- Opening Delimiter -

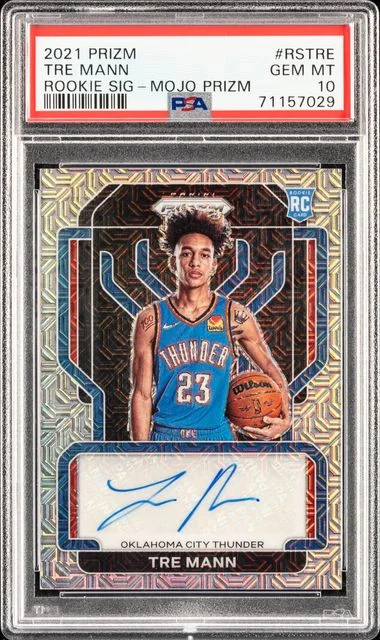 2021 Panini Prizm Signatures Mojo Prizm Rstre Tre Mann #no-number card image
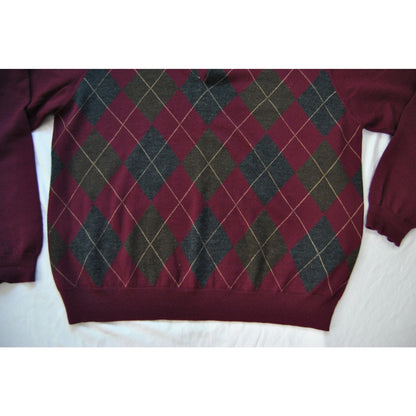 Brooks Brothers Maroon Diamond Plaid Polo Long Sleeve Sweater X-Large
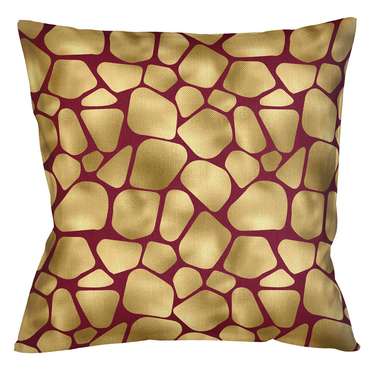 Интерьерная подушка Сахара бордово-золотого цвета 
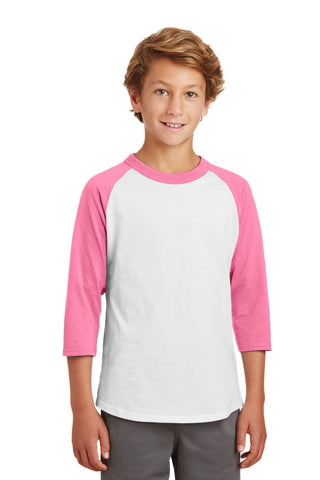 Sport-Tek Youth Colorblock Raglan Jersey (White/ Bright Pink)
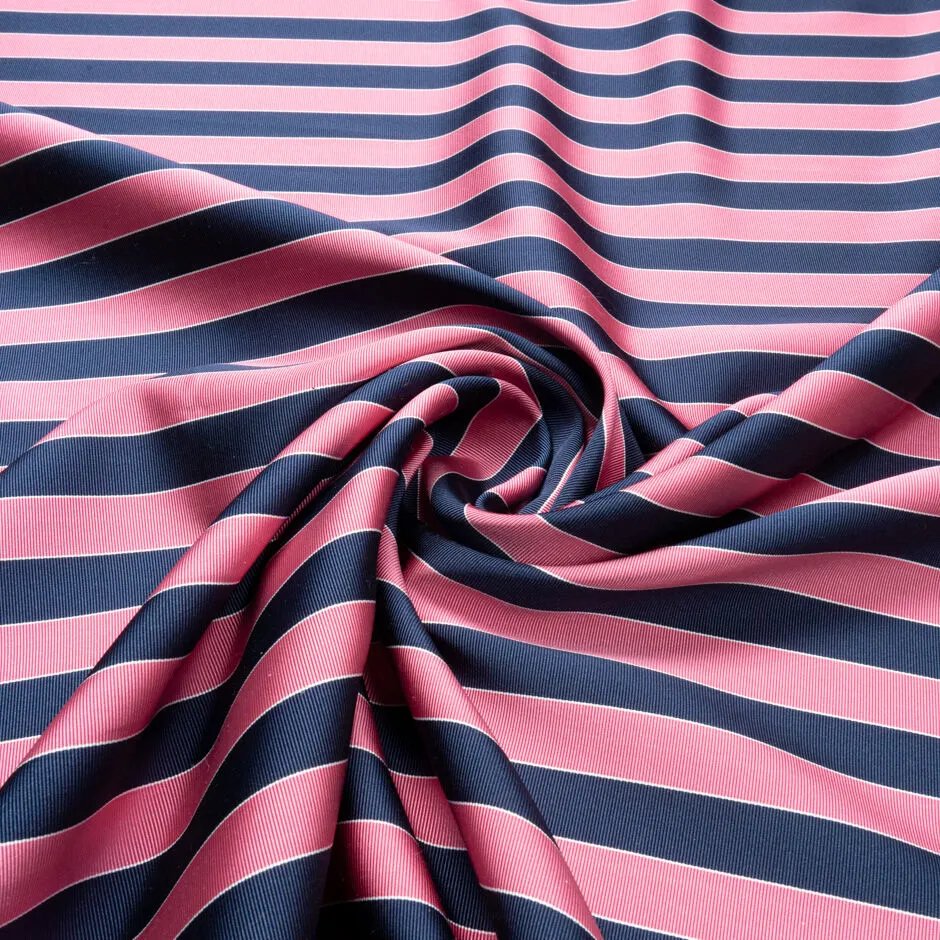 Candy Pink & Midnight Blue Striped Silk & Cotton Twill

- Closing Delimiter -

Exercise requirements:
From the first line to the last, restate the entries exactly, without pictures.

Reply:
 2021 Panini Prizm Signatures Mojo Prizm Rstre Tre Mann #no-number card image
 Brooks Brothers Maroon Diamond Plaid Polo Long Sleeve Sweater X-Large
 Интерьерная подушка Сахара бордово-золотого цвета 
 Sport-Tek Youth Colorblock Raglan Jersey (White/ Bright Pink)
 Candy Pink & Midnight Blue Striped Silk & Cotton Twill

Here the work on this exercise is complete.